However, politicians deciding what was culturally appropriate would be a path that “leads us into the territory of Putin’s Russia,” Mr Malinauskas said.
“At worst, it leads us to a future in which politicians can directly stifle events that are themselves predicated on freedom of speech and the expression of ideas.
“A path, in fact, that leads us into the territory of Putin’s Russia.”
Speaking at the opening of Writers’ Week at Adelaide Town Hall on Thursday night, Mr Malinauskas confirmed that he would not attend any of the four sessions featuring Palestinian-American author Susan Abulhawa or Palestinian poet Mohammed El-Kurd.
“Let me make very clear: when first I heard of Susan Abulhawa’s tweet suggesting that Ukraine was at fault for their own invasion by Russia, I can tell you that I felt a deep and personal sense of outrage,” he said.
“So I confess to contemplating removing government support for Writers’ Week. And to be sure, this may have been a politically expedient action for the government to take.”
After further consideration, the Premier said that to remove funding for Writers’ Week could lead to every arts board and festival promoter being “more concerned with risking the wrath of government” than creating programs with value.
Mr Malinauskas said his government had faced “unprecedented calls” to cancel the event’s funding because of Abulhawa and El-Kurd’s involvement.
“As well we know, we live at a time of intense hyper politicisation, even tribalism,” he said.
“There is no shortage of issues over which reasonable people can disagree, and it’s never been easier to amplify those disagreements until they become discordant and deafening.”
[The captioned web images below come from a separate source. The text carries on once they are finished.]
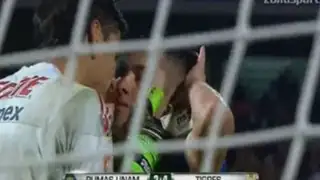 VIDEO: futbolistas de Tigres mexicano celebraron título de manera singular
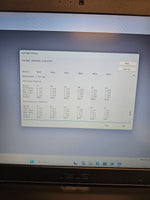 BioTek Epoch Microplate Spectrophotometer, tested, warranty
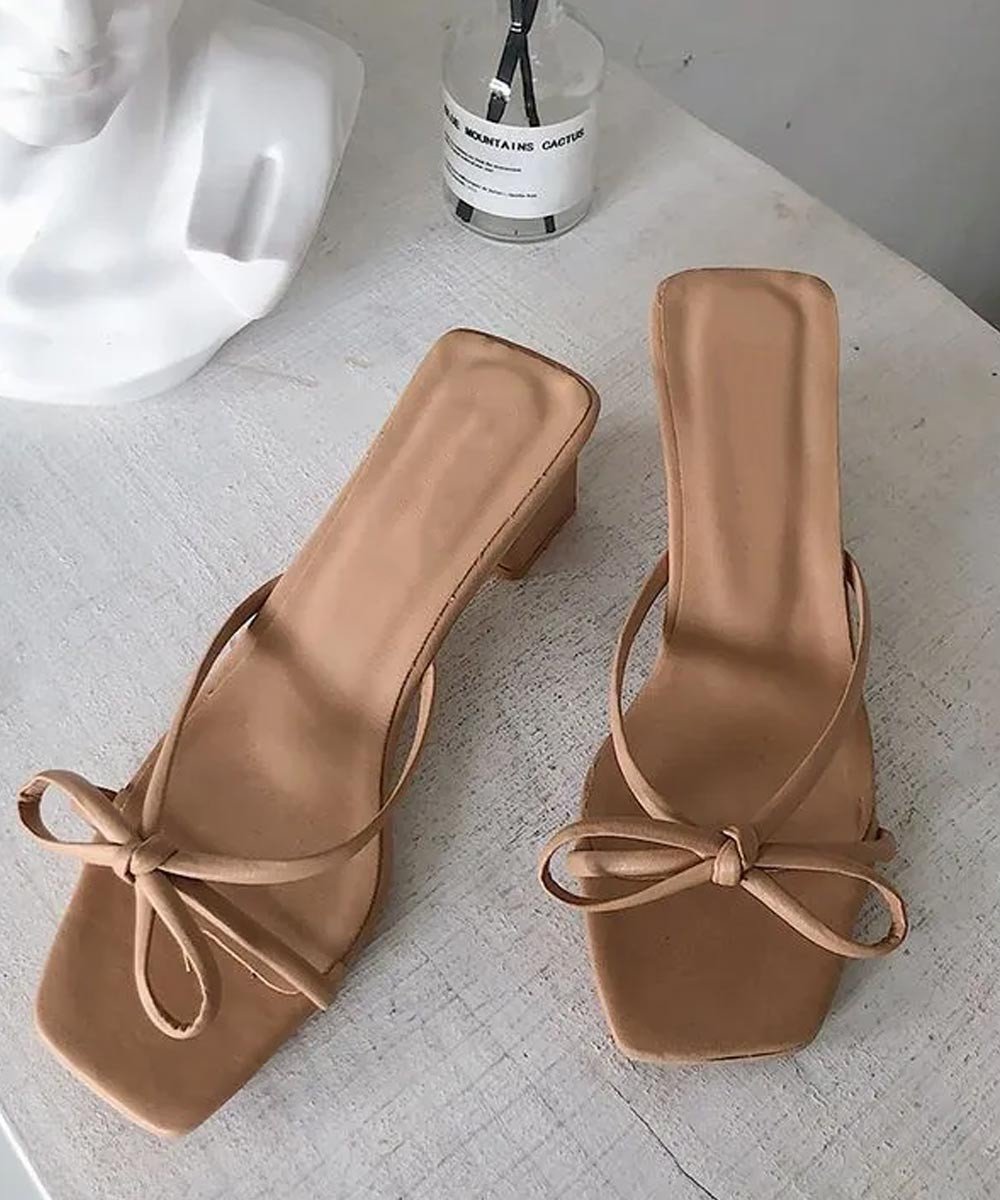 pretty heels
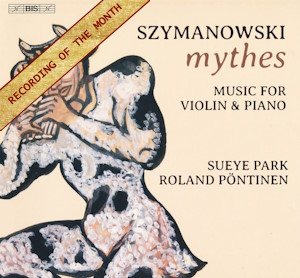 szymanowski mythes bis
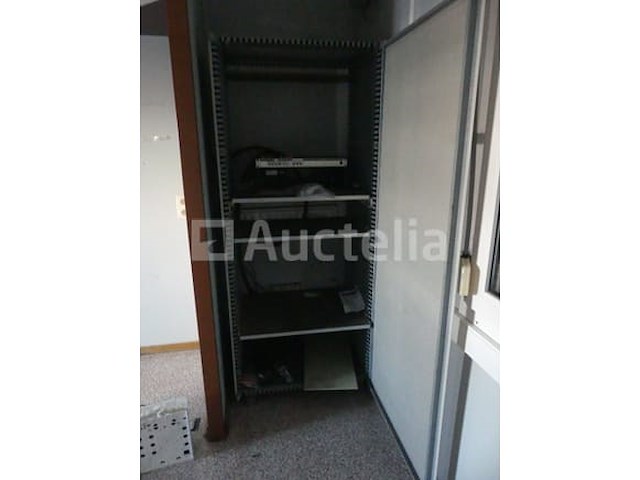 5 kantoorcontainers - afbeelding 52 van  61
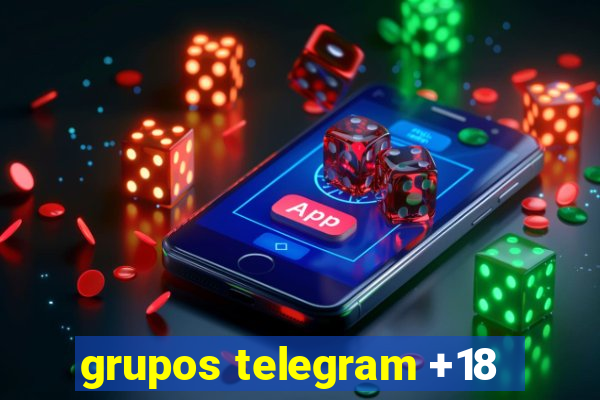 grupos telegram +18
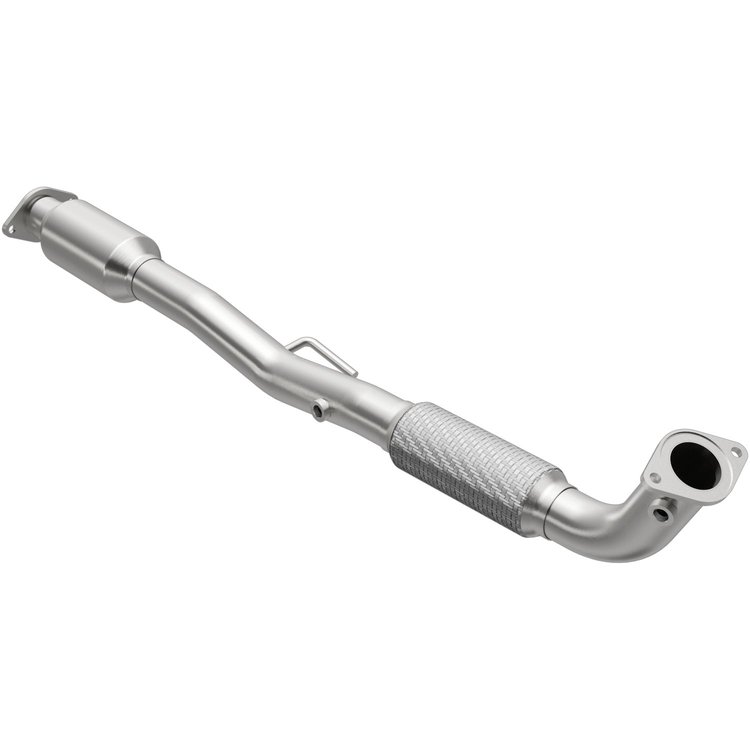 5571988 Direct-Fit Catalytic Converter for 2004-2006 Toyota Camry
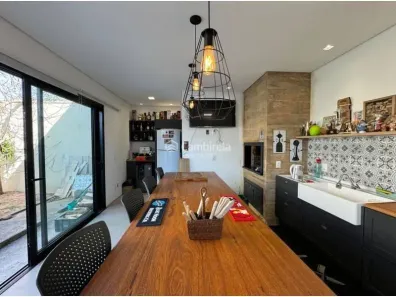 Casa com 3 Quartos à venda, 255m² no Jardim Cidade de Florianópolis, São José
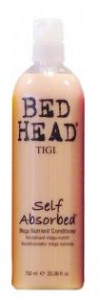 TIGI Bed Head Self Absorbed Conditioner 750ml
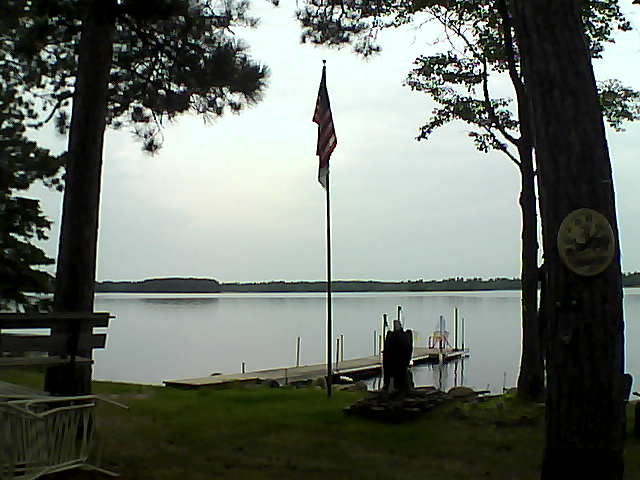 Whiteface Cam Image - Fri, 07/21/2017 8:28am 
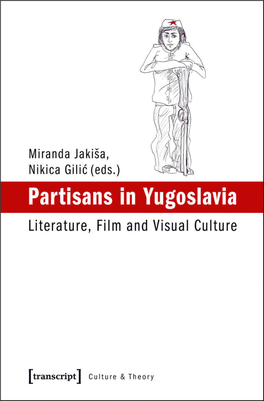 Partisans in Yugoslavia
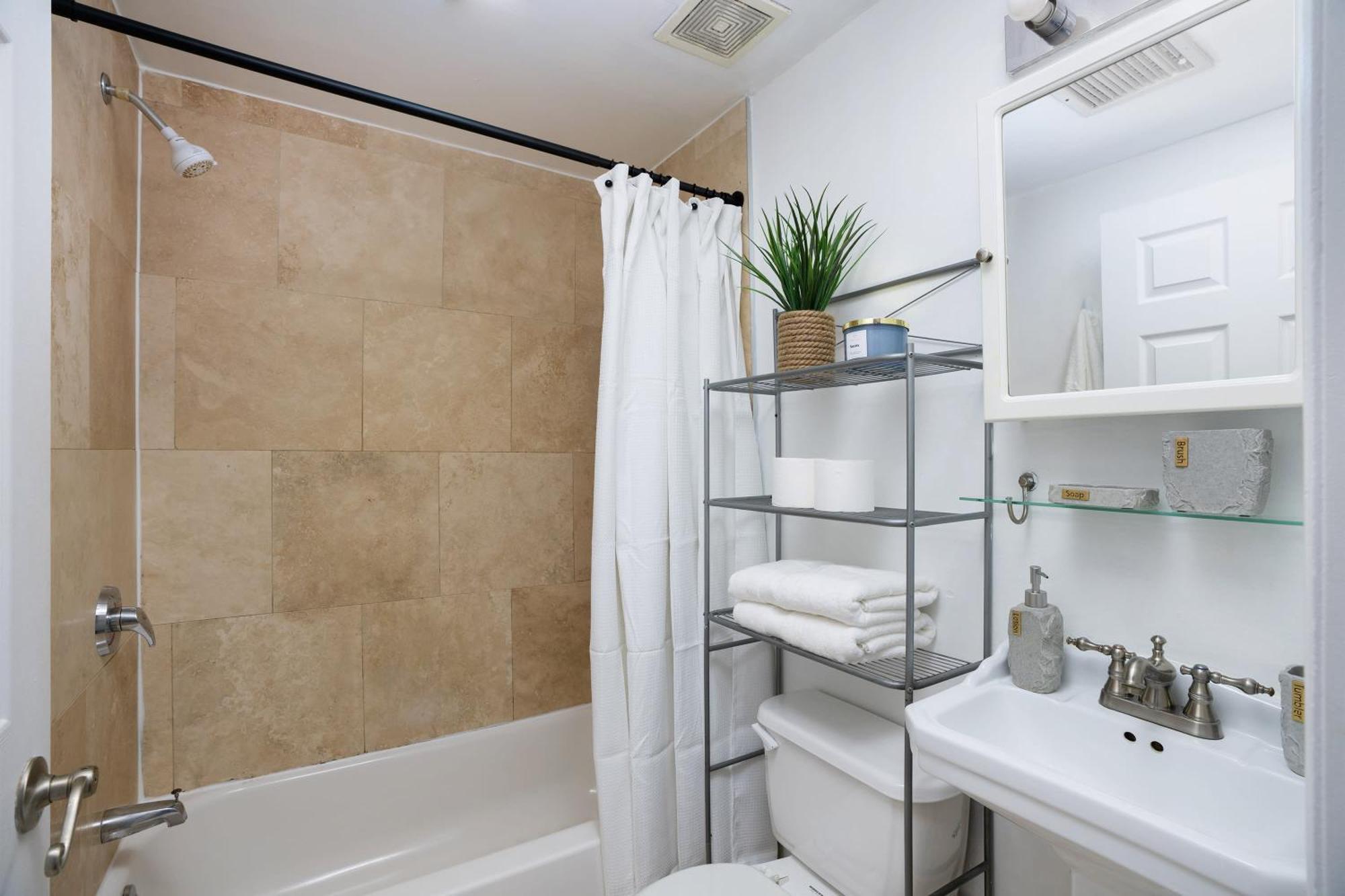 1435-3-3 Bedrooms 2Bath W D Prime Upper East New York Eksteriør billede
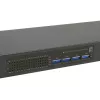 LevelOne 34 prievadų Fast Ethernet PoE jungiklis, 802.3at/af PoE, 32 PoE išėjimai, 2 x Gigabit RJ45, 380W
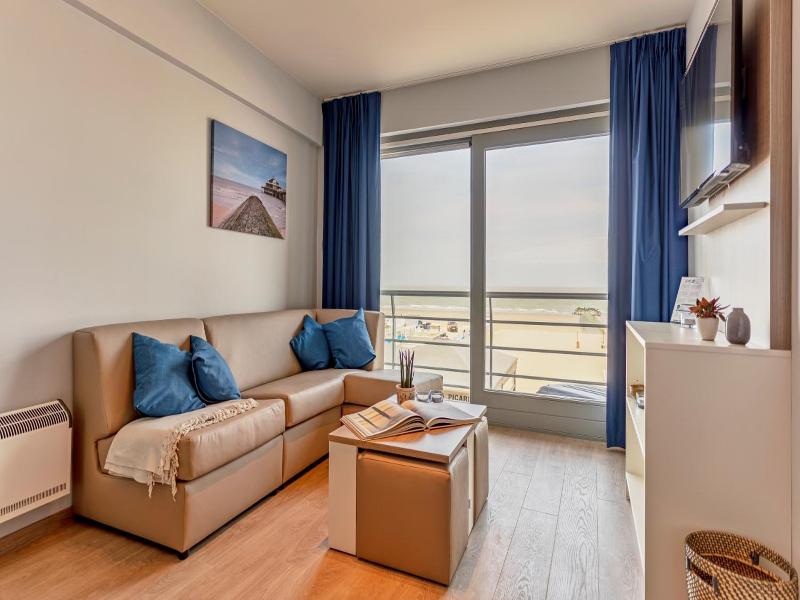 SeaSide Blankenberge image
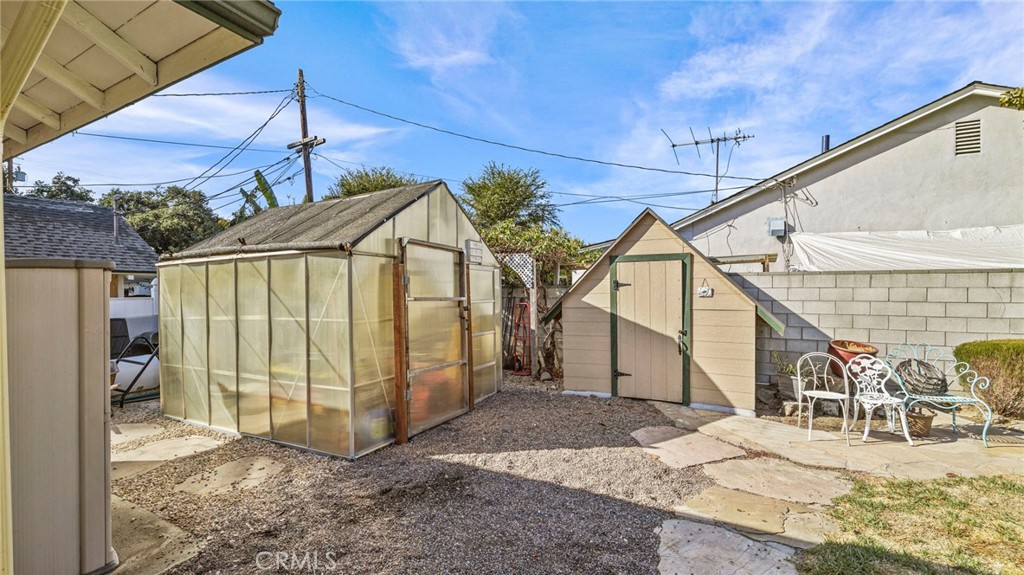 1219 S Santa Anita Avenue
Abulhawa is scheduled to appear in person at two Writers’s Week sessions in the Pioneer Women’s Memorial Garden on Tuesday.
She has as openly defended Russian president Vladimir Putin’s invasion of Ukraine and called Ukrainian leader Volodymyr Zelensky a “depraved Zionist with a house on stolen Palestinian land” and a “clown who is trying to ignite World War III”.
El-Kurd, who is due to take part via streaming from London on Sunday and Tuesday, has described Zionists on Twitter as being “sadistic” for setting fires in Palestine, and accused Zionists of having “an unquenchable thirst for Palestinian blood and land”.
He has also likened Israel to the Nazi regime whose genocide led to the creation of the Jewish state. El-Kurd’s tweets have been denounced as anti-Semitic by the Jewish Anti-Defamation League.